Quando estão em cena, os cantores líricos devem incorporar as características
estilísticas, emocionais e físicas do personagem, segundo critérios
estabelecidos pelo diretor cênico e ou regente, sem que isso cause prejuízo
aos ajustes vocais. Essas são características do corpo cênico do cantor
durante uma interpretação, que para alguns críticos, por vezes, pode atrapalhar
o corpo que canta (VELARDI, 2011). Em contrapartida a essas exigências,
quando estão nos palcos os cantores são aclamados por interpretações
ímpares. E igualmente são apreciados pela habilidade em conceber os
elementos musicais em caráter de improvisação; pela capacidade de criar um
gestual cênico próprio; pela homogeneidade na concepção interpretativa que
norteia a execução da obra. Além disso, para TRAGTENBERG (2007, p.43), o
intérprete-cantor impõe uma maneira pessoal na peça que interpreta, de tal
modo que, há uma restituição do próprio cantor a si mesmo. Para a autora, o
processo de criação operístico reflete a capacidade e o caráter de cada cantor,
no qual são expostas características pessoais do intérprete, que podem dar
vida aos atributos do personagem e atualizar valores sociais.

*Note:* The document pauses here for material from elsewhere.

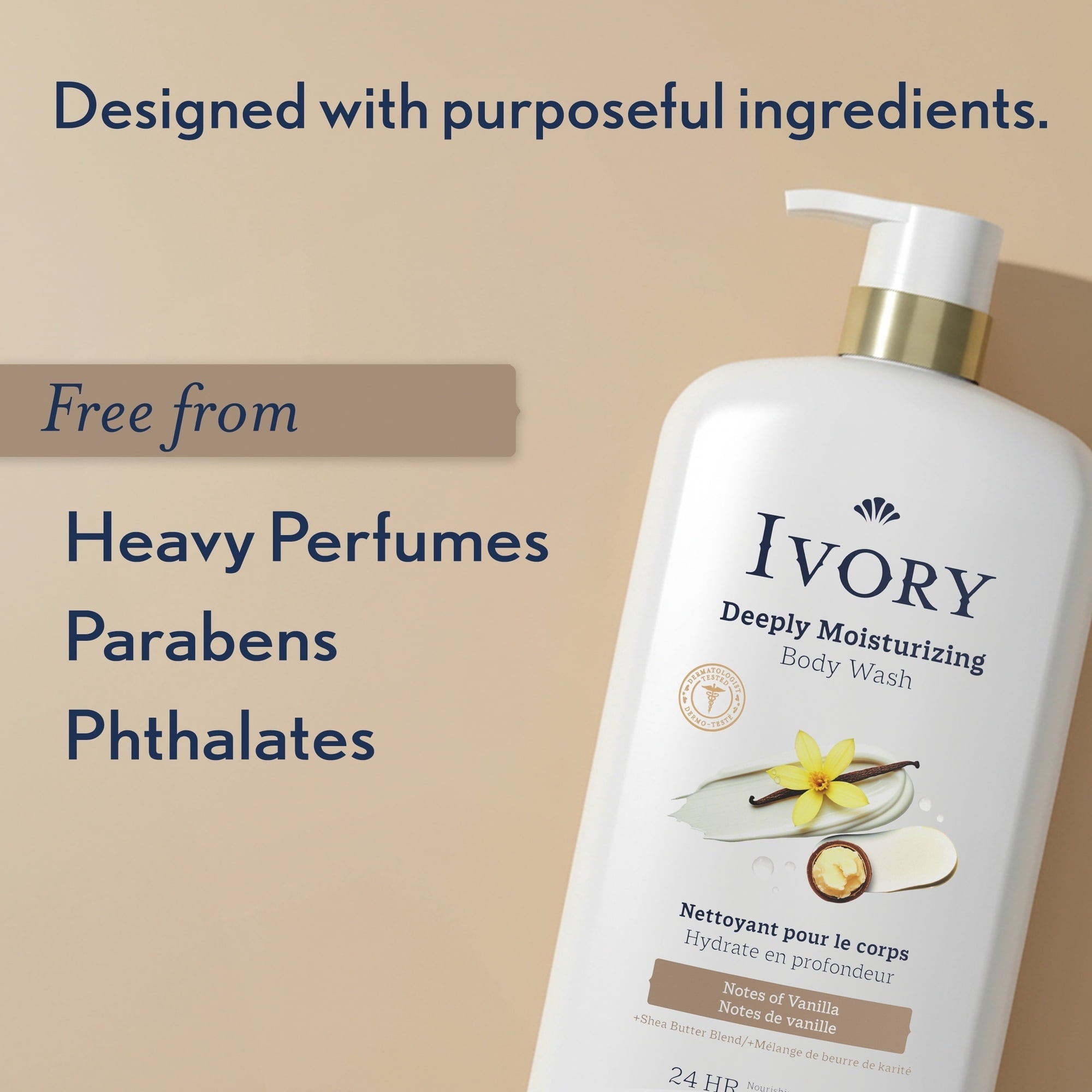 Ivory Deeply Moisturizing Body Wash, Notes of Vanilla Scent, 798 ml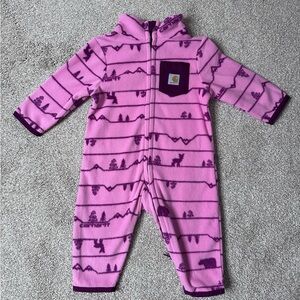 Carhartt Infant Girl’s Front Zip Fleece Onesie NWOT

Ao focar esse contexto, é posto em reflexão se essas condições
preestabelecidas interferem na percepção de cada cantor sobre si mesmo. Há
no processo de concepção estilística condições obrigatórias quanto à
incorporação e as alterações das características posturais em favor do
personagem. Por essa razão, pressupõe-se que as exigências dos processos
de criação e interpretação de uma peça têm implicações diretas na constituição
e no reconhecimento da autoimagem em cantores líricos.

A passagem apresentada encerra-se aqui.